Night-Dawn-Day-Evening-Night

A Work in Progress.................

Introduction

The Somme Project is about the site of battle, landscape and memory; rather than just about the battle itself.

After nearly one hundred years the Somme landscape remains intimately marked by what occurred after that fateful day of 1st July 1916.

The battle took its course in the open landscape of Picardy and those that fought ‘On the Somme’ fell into a routine dictated by not only the vagaries of battle but also that of the natural world and natural phenomena that remained beyond their control.

An indifferent nature that both hindered and protected men in battle:- the hindrance of fighting in the marshy pools of the River Ancre, at the northern most part of the battlefield, in contrast to the protection offered by the trenches, dug in the chalky surrounding fields - regardless of the battle that raged around them day and night.

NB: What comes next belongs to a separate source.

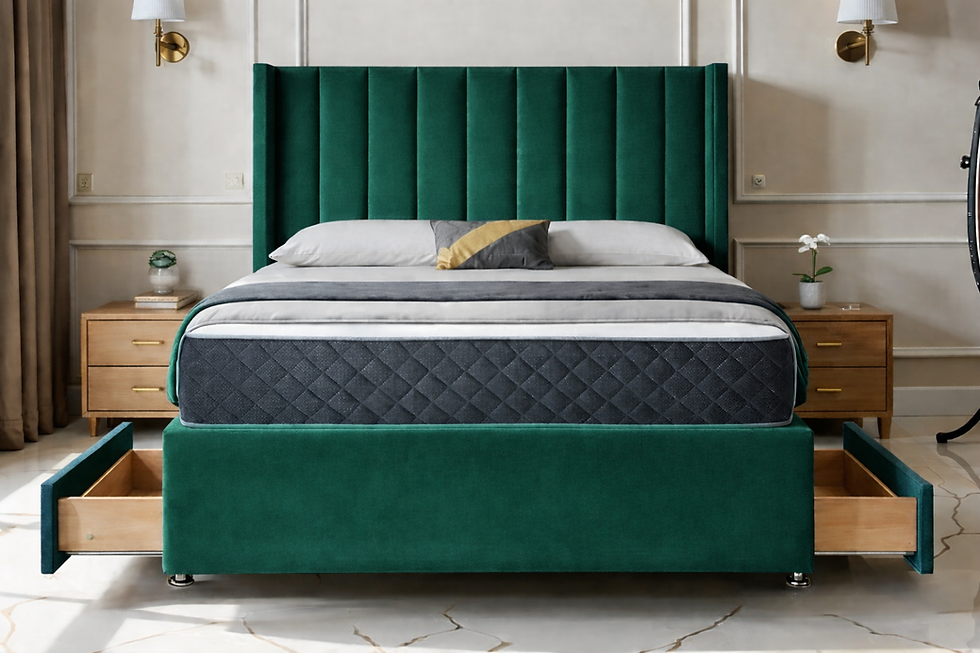 Thumbnail: Rio Plush Wingline Divan Bed & Full Memory Foam Mattress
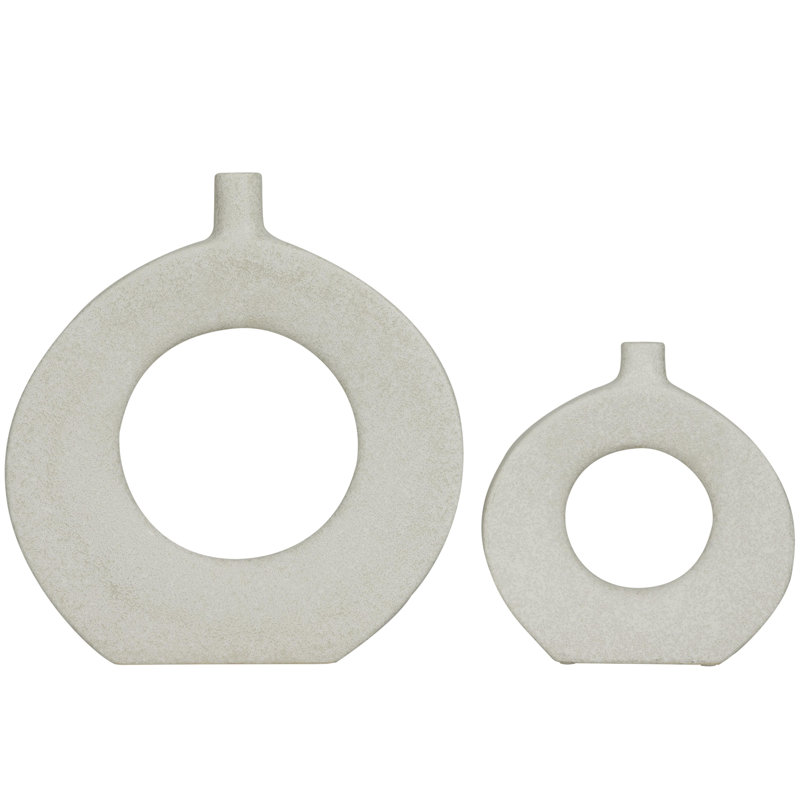 Ceramic Round Donut Shaped Decorative Vase Set, 15.5" H x 14.4" W x 3.2" D, White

Their experiences were condensed and re-surfaced in their works, during, after and often years long after the First World War.

'Trench Education'

‘Day succeeded unto Day, Night to pensive night’.
Edmund Blunden, Undertones of War.

Life in the trenches, woods and exposed fields, took on the peculiar form of a Medieval Book of Hours.

As Blunden points out, the repetitive cycles of trench life, the daily hours in the open landscape, amongst the seasons, against the full spectrum of natural light - from dawn to the dusk and finally the shade of night, determined the perceptual relationship that combatants had with their immediate environment.

How slow you move, old Time; Walk a bit faster! Old fool, I’m not your slave......Beauty is my master.
Ivor Gurney, Time and the Soldier.

The cycle offered in a Book of Hours, suggests a compelling metaphor for the murderous and sombre routine between the combination of man-made battle and the restrictions, dangers and protection offered by the natural world. War and nature incongruously co-existing in a macabre partnership.

The Book Hours –the daily and nocturnal passage of time

Vigils (Night) - Laudes (Dawn) - Terce (Morning - Sext (Noon) - Nones (Mid –afternoon) - Vespers (Evening) and Compline (Night).

As Blunden continually pointed out in his Undertones of War; the dangers and anxieties offered in full daylight and understanding the cover offered by nightfall, were an essential part of a ‘trench education’.

On both sides of No-Mans-Land, in opposing trenches, poets, artists, composers, thinkers and writers; detailed their experiences, against the back drop of the natural world; often in an urgent immediacy that paralleled the battle itself.

The Somme Landscape

'The dead land oppressed me; I turned my thoughts away, And went where hill and meadow are shadowless and gay'.

Ivor Gurney, Trees

Alongside the march of hours, there existed a direct, almost primordial relationship with the landscape of the Somme. Soldier poets made references to both earth and water in their work. Leaving the relative protection of a trench and going ‘over the top’ into the open landscape was one of the most fundamental and terrifying experiences for all combatants to undertake.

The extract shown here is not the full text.